> [Records to use]:

--------

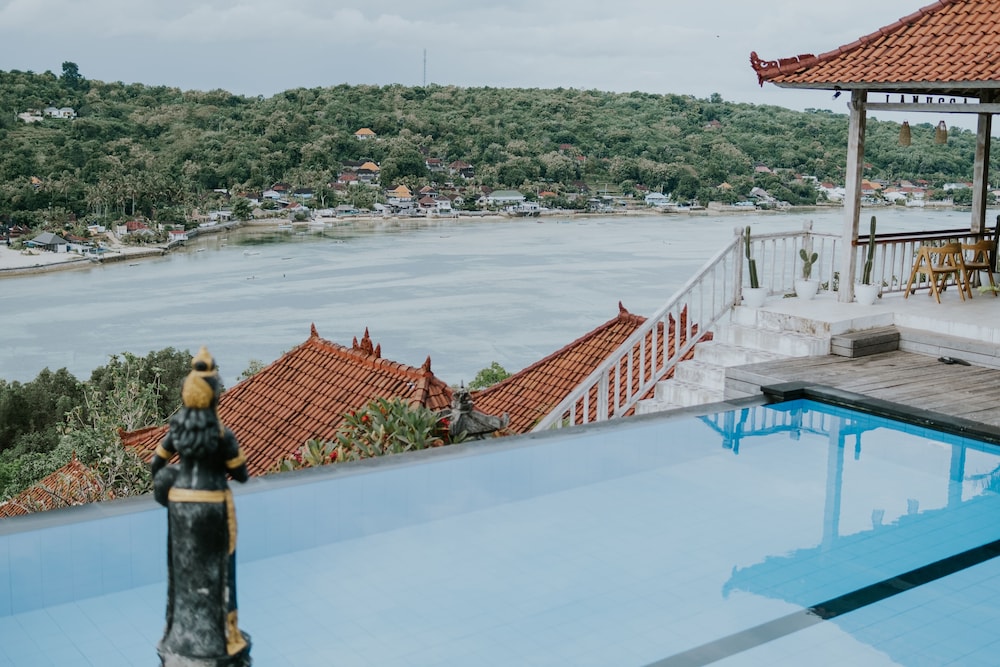 lanussa hill villa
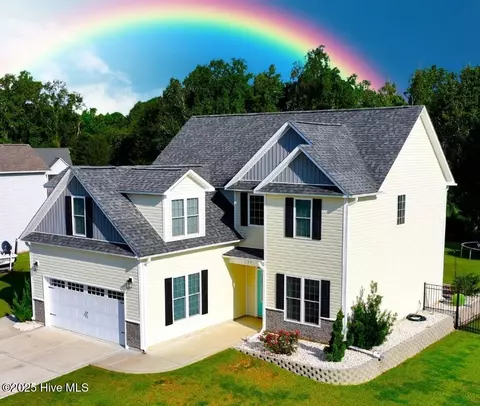 109 Ridge Cove Ln, Swansboro, NC 28584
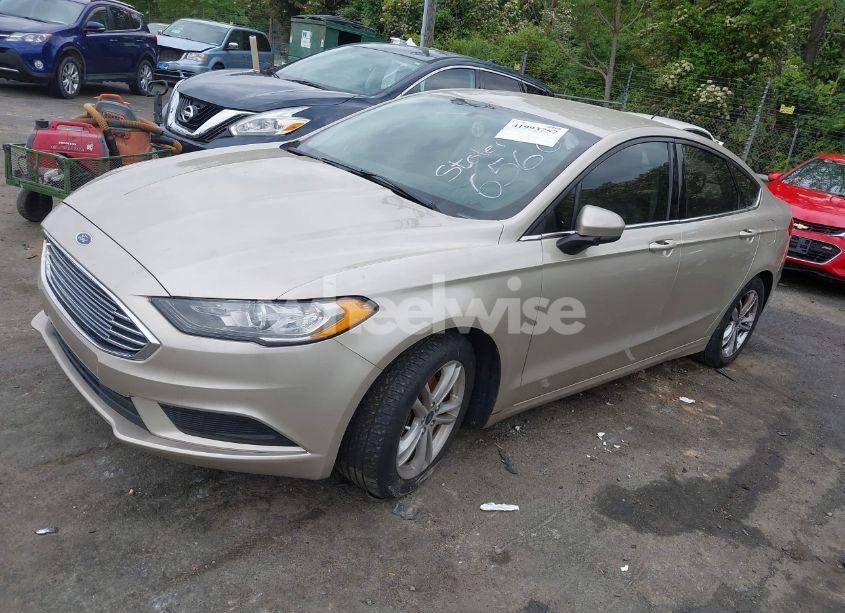 Photo 2 of 2018 Ford Fusion SE (VIN 3FA6P0HD3JR216560)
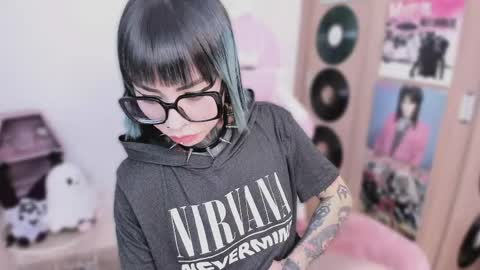 Nikki Ramone   online show from April 15, 3:15 pm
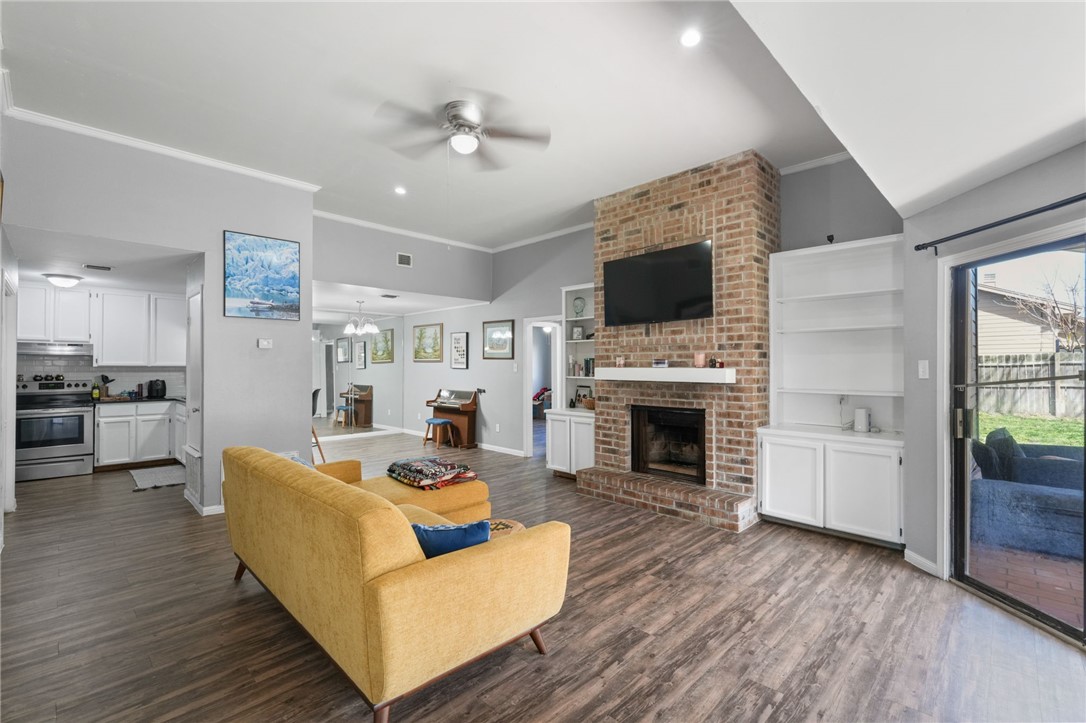 472367 Property Photo 2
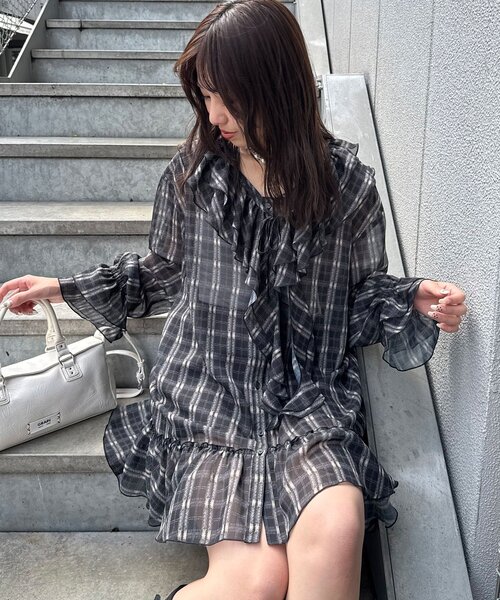 CIAOPANIC（チャオパニック）の「ラッフル付け襟チェックシアーチュニックブラウス（シャツ/ブラウス・レディース・ネイビー/ブラック/レッド・ONE SIZE）」の5枚目の写真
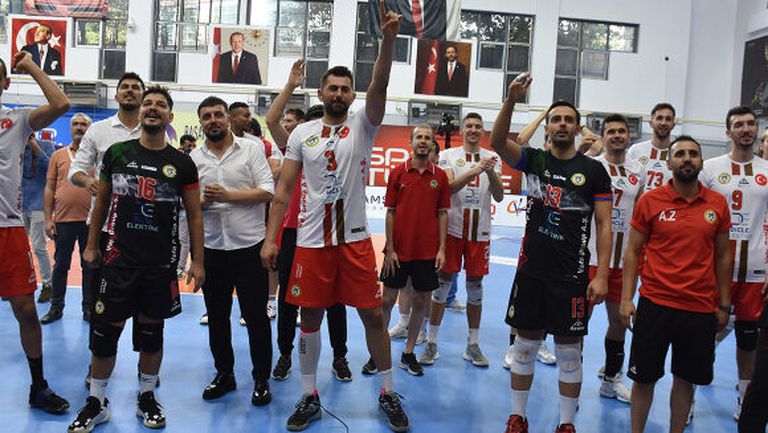 Волейболният национал Светослав Иванов и неговият Джизре Беледийе прекъснаха черната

--------

> [Exercise aim]: Please return all of the material above exactly, minus any pictures.

> [Problem solution]:
 lanussa hill villa
 109 Ridge Cove Ln, Swansboro, NC 28584
 Photo 2 of 2018 Ford Fusion SE (VIN 3FA6P0HD3JR216560)
 Nikki Ramone   online show from April 15, 3:15 pm
 472367 Property Photo 2
 CIAOPANIC（チャオパニック）の「ラッフル付け襟チェックシアーチュニックブラウス（シャツ/ブラウス・レディース・ネイビー/ブラック/レッド・ONE SIZE）」の5枚目の写真
 Волейболният национал Светослав Иванов и неговият Джизре Беледийе прекъснаха черната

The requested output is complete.